The Aftermath of a Soldier
“After being served those papers, man, it was devastating. I felt like a failure. I felt a level of hopelessness. I felt like the world was crashing down on me.” Staff Sergeant Sylvester Jenkins was finishing his third tour in Iraq when he got the divorce papers. By the time he got home a couple months later, his life was a wreck. He recalls, “The car was gone, the furniture in the house, my bank account drained. I literally came back home to nothing. Walking into that house and experiencing that was one of the most devastating days of my life.” The love and family he’d always wanted was gone dredging up the trauma of his rough, lonely childhood. Sylvester says, “Growing up in a single parent, low-income home, gang and drug infested neighborhood. You only had three things that you can do. One, you can go to jail, two, you can end up, losing your life or just making out on pure luck.” Not feeling lucky, Sylvester saw gangs as a way to get ahead and feel accepted. By 13 he was drinking, smoking weed, and getting into trouble. He recalls, “Whenever I was in the gang. I felt a sense of, a strong sense of belonging, like I was accepted. And so, for me, that gave me a sense of love.”

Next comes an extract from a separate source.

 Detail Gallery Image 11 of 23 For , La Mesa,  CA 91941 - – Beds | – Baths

As he grew older, he started to question the path he was on. So, following his grandfather’s advice, Sylvester joined the Army after high school. For a while he was doing well. However, when his girlfriend cheated on him, they broke up sending Sylvester into deep depression. He says, “I resorted back to what I knew, drugs and alcohol to suppress the pain. And I found myself at a level, you know, of true depression.” Sylvester decided to focus on his Army career and over the next five years he was promoted and did two tours to Iraq. In 2006 he got married. Although the marriage wasn’t strong, he thought it was the family he always dreamed of and within a year he became a dad. Sylvester recalls, “Becoming a father was the most, the greatest experience of my life. It was one of the most beautiful things I ever got to experience. I really felt a level of wholeness. Everything is starting to pan out, you know, it started to go in my direction.”

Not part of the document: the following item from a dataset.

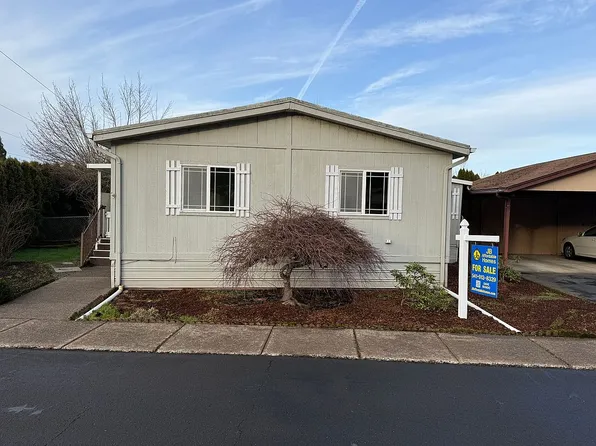 658 S 57th St Space 12, Springfield, OR 97478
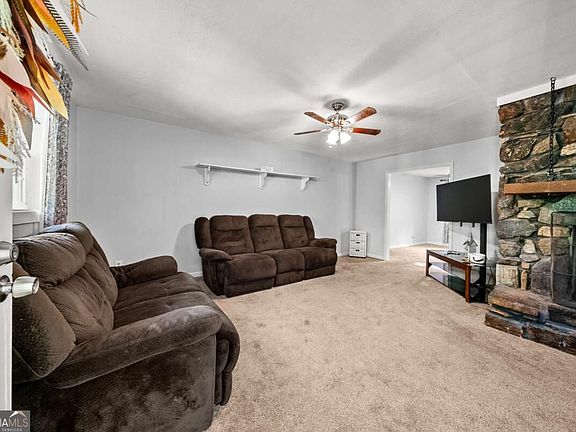 5th image of 109 Lakeview Cir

Then, in 2007, early into his 3rd tour in Iraq, a close friend died when his convoy hit an IED. Sylvester recalls, “It didn't really hit into me until I went to the memorial ceremony, and I was like, ‘man this is real.’ And automatically a lump formed in my throat, and the tears just started streaming down my face. And then the following day we went back to work. Like that never happened. No time to grieve, no time to mourn. I had to stuff all that pain into that duffel bag and just carry it with me. The rest of that deployment.” Although he pressed on, the stress was getting to Sylvester, and he started to suffer from PTSD. When his yearlong deployment was extended to 15 months, his fragile marriage broke, and Sylvester’s wife filed for divorce. He says, “Coming back home from that deployment and walking into that house and experiencing that was one of the most devastating days of my life.”
Sylvester tried to push through, tried to be a tough soldier, but deep down he knew his life was falling apart. He says, “I completely hit rock bottom. I felt a strong level of hopelessness, at that point in time. Like, there's no, you know, I'm born to fail. I felt like I was just strictly born to fail, whatever it was at, you know, I failed in school. I failed when it came down to areas of the military. I failed at being a husband. It was just felt like nobody had my back. I couldn't get no type of support. And so, at that moment in time, I felt as though I was better off dead than I was alive.” So, one night, about six months after getting home, Sylvester got his gun to end his pain. He recalls, “I grabbed the gun, put it to my temple, put my finger in the trigger well and I screamed out so I couldn’t hear when I pulled the trigger. I started breathing hard and the next thing you know, the tears started streaming down my face. And then at that moment in time, I cried out to God. I said, ‘God, why me? Why do I gotta go through all this?’ But then I felt like I heard a faint voice that said, ‘is this what you truly want?’ And at that moment, I was like, ‘no, I just want the pain to stop. I just wanna stop feeling like a failure. I just wanna stop feeling unloved. I just wanna stop feeling all this pain and chaos that's going on inside of me’. And then I felt like he said at that moment in time, just give it all to me, all your pain, all your burdens, all your doubt. Just give it all to me and I'll give you rest. I said, ‘I just give it all to you, all my pains. I just give it all to you, God’. I said, ‘I just ask that you just take it away from me’. So, I chose to give my life to Jesus Christ.”
After surrendering to God, Sylvester got connected into a church and started to grow in his faith. He says, “God filled every, every void, every dark area of my life. He gave me a sense of acceptance. He gave me a sense of love. He gave me a sense of security. He gave me a purpose.” With a new level of hope and confidence, Sylvester was able to lead his men on two more tours of duty. He retired from the Army in 2020 after 21 years of service. Today he is married and raising a family of four kids. Sylvester is on a new mission to help others move past their pain and struggles through a relationship with Jesus. He believes, “We all go experience chaos in life, it’s a part of it. But at the same time there's one person that you can truly count on in every situation that you experience and go through. It's God, he right there waiting on you. If you find yourself distant from him, it's because you move, not because he moved.”